If you're just drinking kombucha from the store, I wouldn’t worry too much about mold. However if you're home brewing your own kombucha, you should keep an eye out for it.

If you find mold in your home brewed kombucha, throw away the SCOBY and any liquid that the kombucha touched, and thoroughly clean any equipment used during brewing. Mold spores can be super small so if you see mold in one spot, it’s likely that everything is contaminated.

If you want to learn more about how to identify mold and how to prevent it from developing and ruining your kombucha, you can read the article I wrote on kombucha mold here.

3. Drinking too Much Kombucha can Make you Sick

As long as you're not in one of the at risk groups and your kombucha isn't moldy, the worst thing that can happen from drinking too much booch is a stomach ache or nausea. Even though these aren't life threatening conditions, no one wants to feel sick. So how do you know how much kombucha is too much?

There isn’t a concrete answer to this question, since everyone’s body is different. If someone has never had kombucha before, an entire bottle could make them sick, since kombucha is a really unique beverage that their body may not be used to. However, other people who drink kombucha a lot may be able to down 2 bottles a day with no adverse effects.

I’d recommend that if you're a new kombucha drinker you start with half a bottle or 8oz a day to allow your body to get used to it.

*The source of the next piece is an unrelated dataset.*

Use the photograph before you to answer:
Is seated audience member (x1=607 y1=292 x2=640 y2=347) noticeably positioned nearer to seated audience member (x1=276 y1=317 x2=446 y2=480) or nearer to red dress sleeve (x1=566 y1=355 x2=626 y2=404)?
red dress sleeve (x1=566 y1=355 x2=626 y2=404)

If you’re someone who’s drank kombucha before and knows your body can handle it, I still wouldn’t drink more than a bottle or 16oz a day to avoid stomach aches, nausea and any other adverse effects. 

Probiotic Alternatives if Kombucha Makes you Sick

If kombucha makes you sick but you still want to get its probiotic benefits, there are some great alternatives available. 

Probiotic Supplements

Probiotic supplements are the easiest way to get healthy bacteria into your body. They come either in pill or gummy form and are full of different probiotics and enzymes that may improve your digestive health.

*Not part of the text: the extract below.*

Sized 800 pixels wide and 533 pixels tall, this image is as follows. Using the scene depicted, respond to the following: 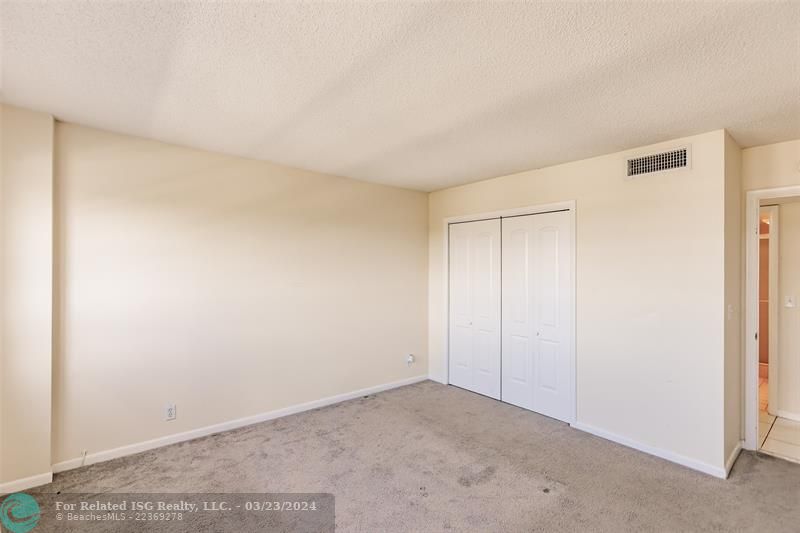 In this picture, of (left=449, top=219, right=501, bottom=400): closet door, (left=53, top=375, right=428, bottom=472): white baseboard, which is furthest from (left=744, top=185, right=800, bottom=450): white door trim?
(left=53, top=375, right=428, bottom=472): white baseboard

Supplements are nice because of how quick and easy they are to use. Drinking an entire kombucha can take more than an hour for some people, but swallowing a probiotic supplement takes less than 5 seconds.

If you're interested in probiotic supplements, I recommend Wholesome Wellness' Raw Probiotic Supplement. Each pill has over 1 billion healthy bacteria from 34 different strains and is full of prebiotics and digestive enzymes that will help keep the good bacteria in your gut fed and functioning well. You can pick up a bottle of 30 pills on Amazon here.

Probiotic Tea

Another great probiotic alternative to kombucha is probiotic tea, which is just regular tea bags that are full of beneficial bacteria

Probiotic tea is great for those who don't like the acidity of kombucha, but still want to drink something healthy with probiotics. It's also great for regular kombucha drinkers who want to save a little money or don't want to carry around heavy glass kombucha bottles that need to be refrigerated.

If you want to learn more about probiotic tea as an alternative to kombucha and the top 5 best probiotic tea brands, you can find the article that I wrote on it here.

My favorite probiotic tea is Bigelow's lemon ginger herbal tea with probiotics. Bigelow was actually the inventor of the special bacteria strain known as BC30 that is able to survive extreme heat and make probiotic tea possible. You can find Bigelow for only 13 cents a tea bag on Amazon here.

Final Thoughts

As long as you are not in an at risk group, check for mold, and don’t drink more than 16oz a day, you should be safe from any kombucha sickness.

As with any drink, everyone's body reacts differently. If you’re worried about getting sick from booch, drink small amounts at first and slowly work your way up to drinking more. But overall, I think the health benefits greatly outweigh the risks.